WHAT THE EXERCISE ASKS:
Exclude images and print all the records verbatim.

(Beginning of DATA PROVIDED)

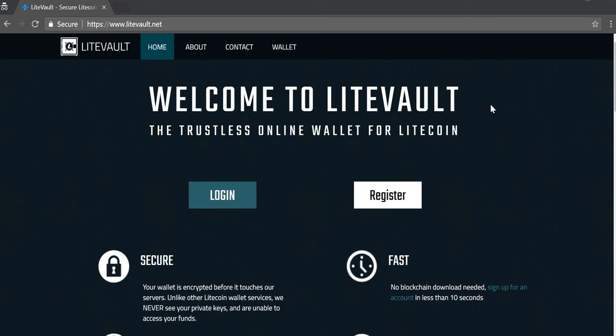Good evening YouTube. Today is September 9th, 2018. In today's video I'm going to show you how to set up a Litecoin web wallet using the Litevault service.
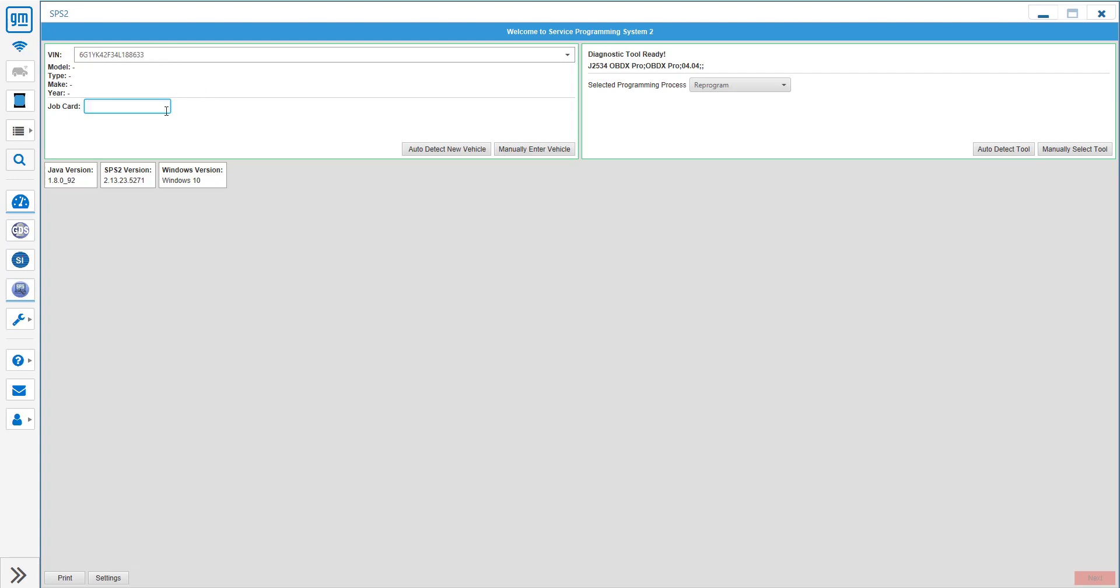So I've already put in the VIN that I want it to have. I'm already connected to the tool. I'm going to go ahead and put the job card in and press next.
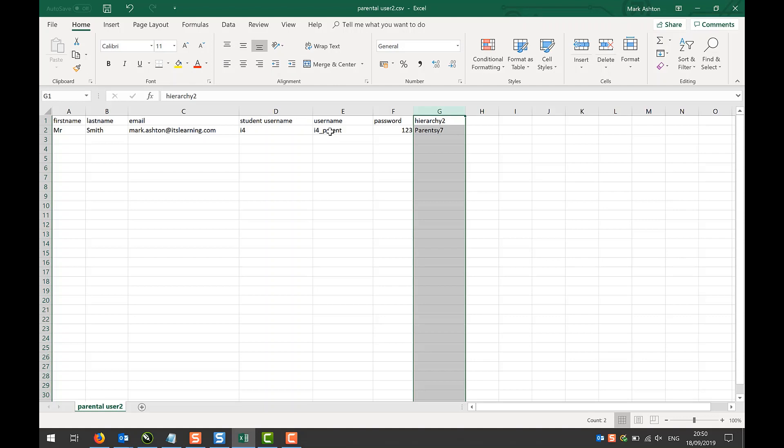And the reason I've done that is so that if, for instance, I've got quite a few of these usernames, it's very easy to append the username with the suffix to create a brand new user.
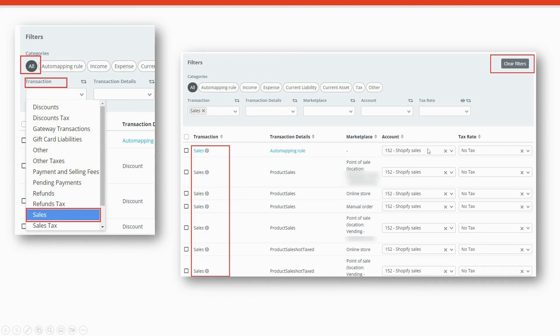And then on the right, you can see all of the account categories that are associated with the sales transactions. To clear your filters, click on the clear filters button on the upper right hand side.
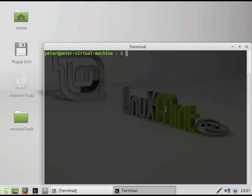Alright, I'm going to quickly show you how to copy files between the host and the guest VMware player.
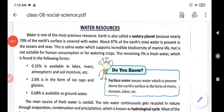Good morning students. Welcome to social science class. Today we are going to discuss water resources. In our previous videos we have already discussed about the natural resources — land and soil. This is the third one: water resources.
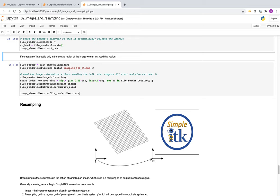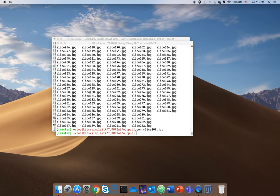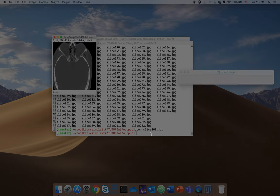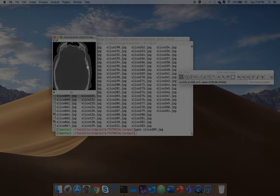For more fine-grained control, if you only need a sub-region of a large image, you can tell the reader to read only a certain region using a start index and extract size. This is much more memory efficient for very large images. Reading the same volume but only a sub-region from the center produces a cropped version of the image.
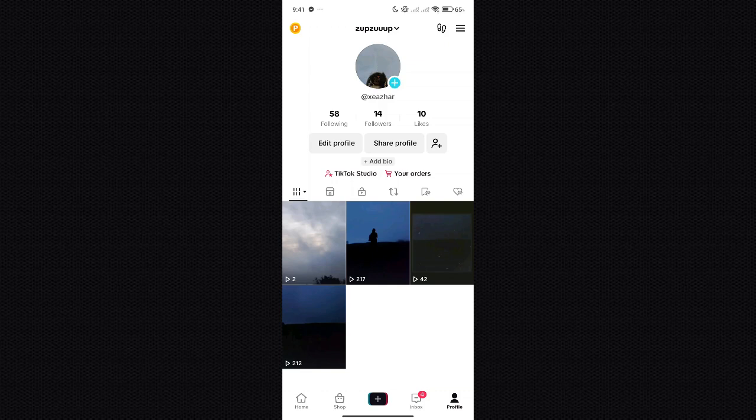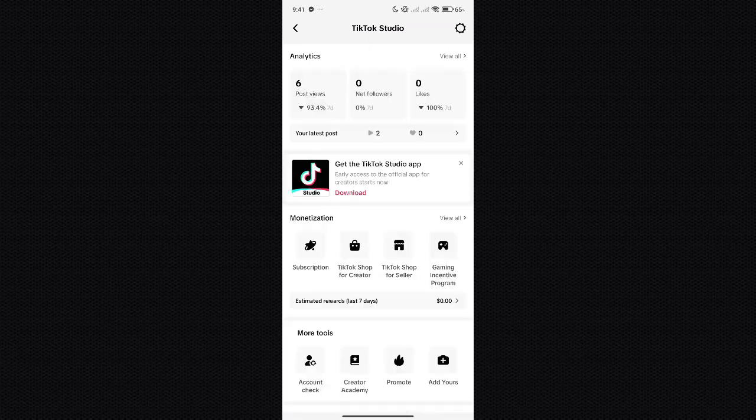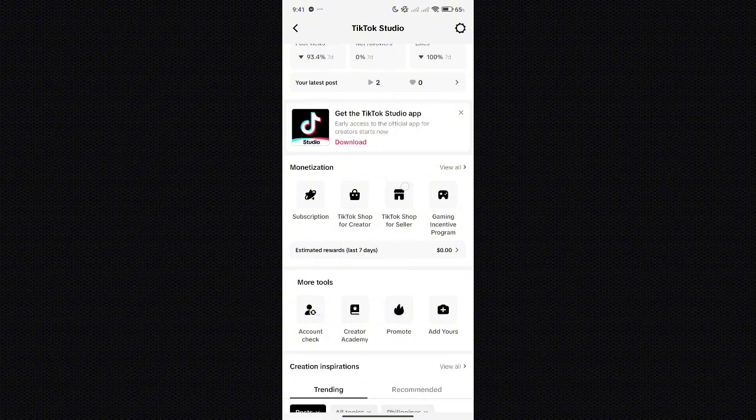The second way is to ensure that you are able to view your TikTok Studio. As you can see in our bio, we have TikTok Studio and we are able to see monetization. It will typically be under that monetization section.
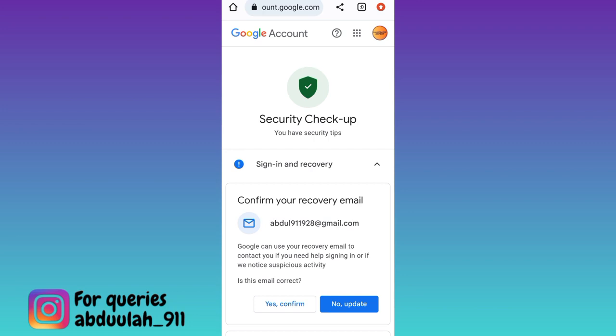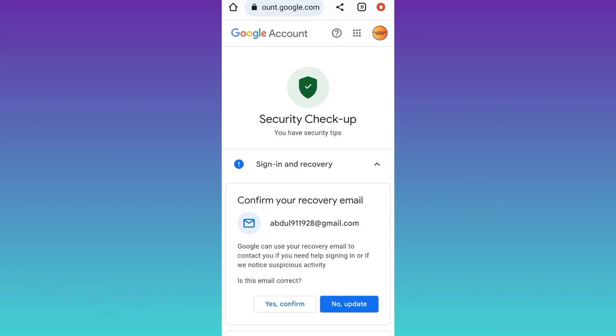In this way you can recover a permanently deleted Gmail account. That was it for this video and I will see you guys in the next one. Peace out.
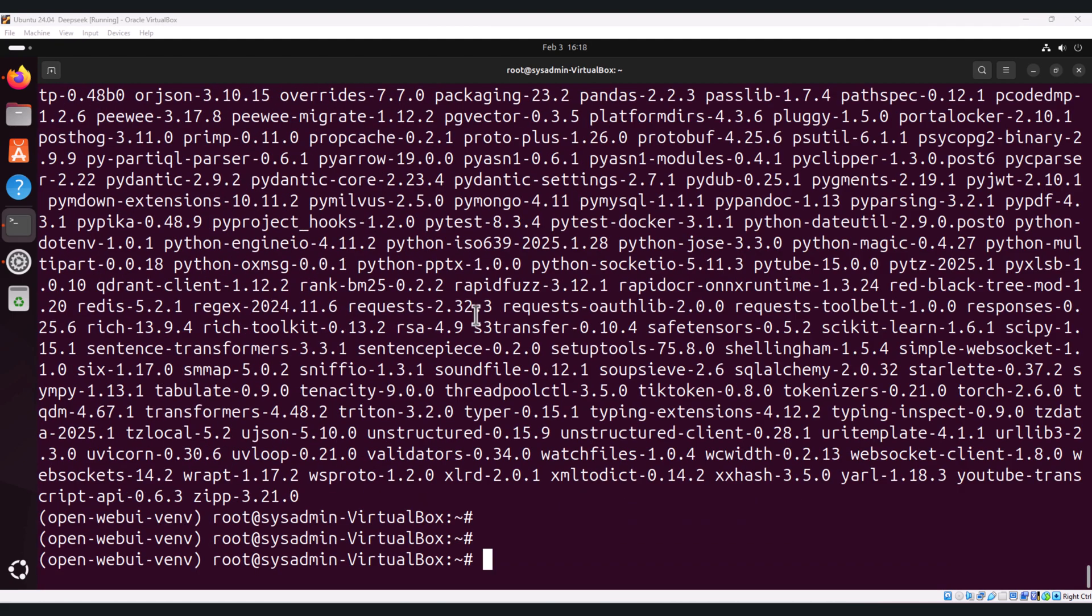As you can see on my screen, the installation is completed. To start the web UI server, run the following command on the terminal: open-webui.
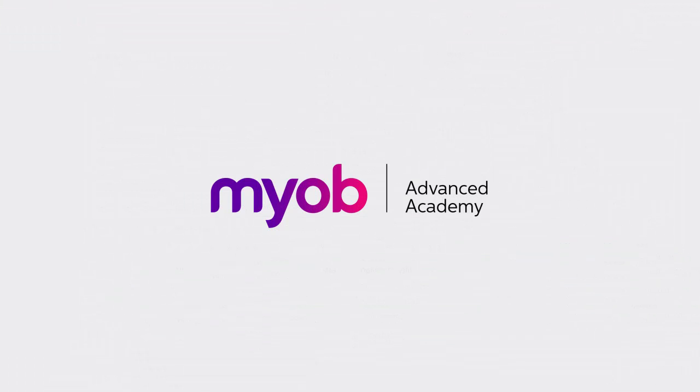And that's the end of our look at creating purchase orders. If you want to learn more, visit the MYOB Advanced Education Centre, or see the other videos in our Advanced Academy series for more information on the purchasing process. Thanks for watching.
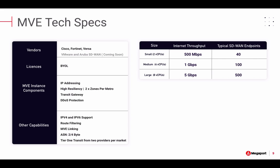To highlight MVE's technical specifications, we have broken out various capabilities here. One item to point out is the sizing for MVE itself. As you can see on the table on the right, we have three sizes: small, medium, and large. Each size has a specific number of virtual CPUs and internet throughput allocated to it. We've also highlighted the typical number of SD-WAN endpoints, or branches, that could be supported by each deployment. For example, a medium MVE has four virtual CPUs and one gig of internet throughput, and in common scenarios this can support up to 100 SD-WAN endpoints.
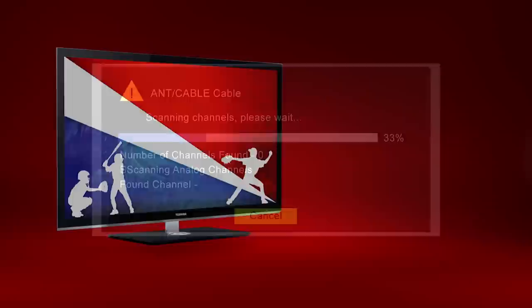You should now know how to perform a channel scan on your Toshiba TV. For more information, visit support.toshiba.com.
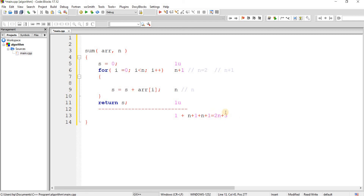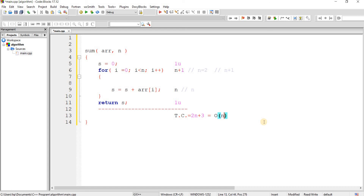So 2n plus 3 is the total time taken by this sum function. Now, what is the time complexity? Here 3 is constant and n is the variable, so we ignore the constant part and the time complexity for this program is order of n — O(n).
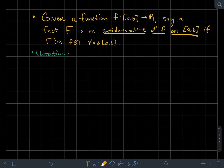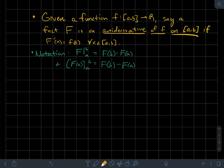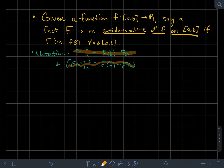Some notation we're also going to use is this bar with b and a on F, which tells me to plug b into F and then subtract what I get when I plug in a. So think of it as F(b) minus F(a). An alternative notation some books use is brackets with b on top and a on the bottom — it means the same thing. I'll stick to the bar notation for this video.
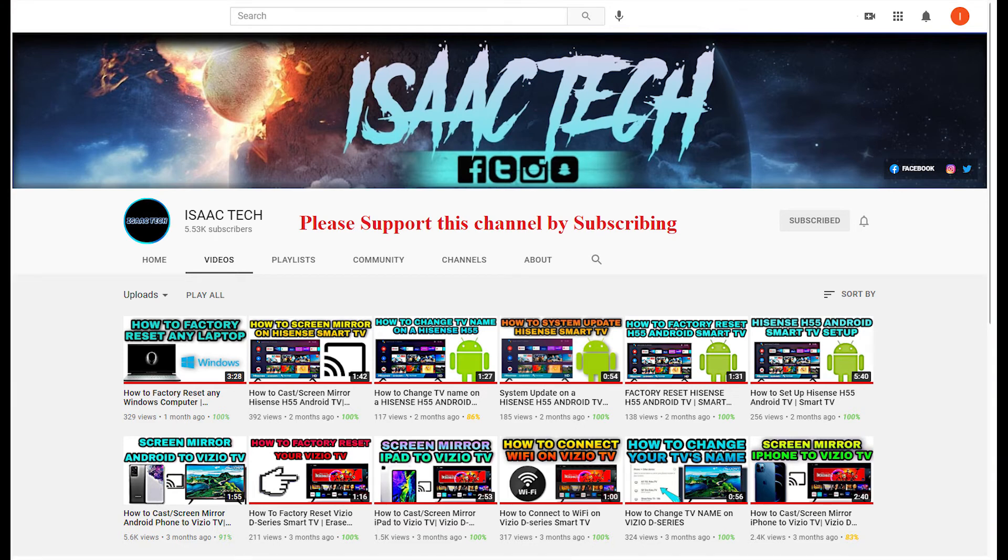That is all I have for today. If this video is helpful, please support this channel by subscribing and giving this video a thumbs up. Thanks for watching. I'll catch you guys next time.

(End of DATA PROVIDED)

YOUR SOLUTION:
Good evening YouTube. Today is September 9th, 2018. In today's video I'm going to show you how to set up a Litecoin web wallet using the Litevault service.
So I've already put in the VIN that I want it to have. I'm already connected to the tool. I'm going to go ahead and put the job card in and press next.
And the reason I've done that is so that if, for instance, I've got quite a few of these usernames, it's very easy to append the username with the suffix to create a brand new user.
And then on the right, you can see all of the account categories that are associated with the sales transactions. To clear your filters, click on the clear filters button on the upper right hand side.
Alright, I'm going to quickly show you how to copy files between the host and the guest VMware player.
Good morning students. Welcome to social science class. Today we are going to discuss water resources. In our previous videos we have already discussed about the natural resources — land and soil. This is the third one: water resources.
For more fine-grained control, if you only need a sub-region of a large image, you can tell the reader to read only a certain region using a start index and extract size. This is much more memory efficient for very large images. Reading the same volume but only a sub-region from the center produces a cropped version of the image.
The second way is to ensure that you are able to view your TikTok Studio. As you can see in our bio, we have TikTok Studio and we are able to see monetization. It will typically be under that monetization section.
In this way you can recover a permanently deleted Gmail account. That was it for this video and I will see you guys in the next one. Peace out.
As you can see on my screen, the installation is completed. To start the web UI server, run the following command on the terminal: open-webui.
And that's the end of our look at creating purchase orders. If you want to learn more, visit the MYOB Advanced Education Centre, or see the other videos in our Advanced Academy series for more information on the purchasing process. Thanks for watching.
To highlight MVE's technical specifications, we have broken out various capabilities here. One item to point out is the sizing for MVE itself. As you can see on the table on the right, we have three sizes: small, medium, and large. Each size has a specific number of virtual CPUs and internet throughput allocated to it. We've also highlighted the typical number of SD-WAN endpoints, or branches, that could be supported by each deployment. For example, a medium MVE has four virtual CPUs and one gig of internet throughput, and in common scenarios this can support up to 100 SD-WAN endpoints.
You should now know how to perform a channel scan on your Toshiba TV. For more information, visit support.toshiba.com.
So 2n plus 3 is the total time taken by this sum function. Now, what is the time complexity? Here 3 is constant and n is the variable, so we ignore the constant part and the time complexity for this program is order of n — O(n).
Some notation we're also going to use is this bar with b and a on F, which tells me to plug b into F and then subtract what I get when I plug in a. So think of it as F(b) minus F(a). An alternative notation some books use is brackets with b on top and a on the bottom — it means the same thing. I'll stick to the bar notation for this video.
That is all I have for today. If this video is helpful, please support this channel by subscribing and giving this video a thumbs up. Thanks for watching. I'll catch you guys next time.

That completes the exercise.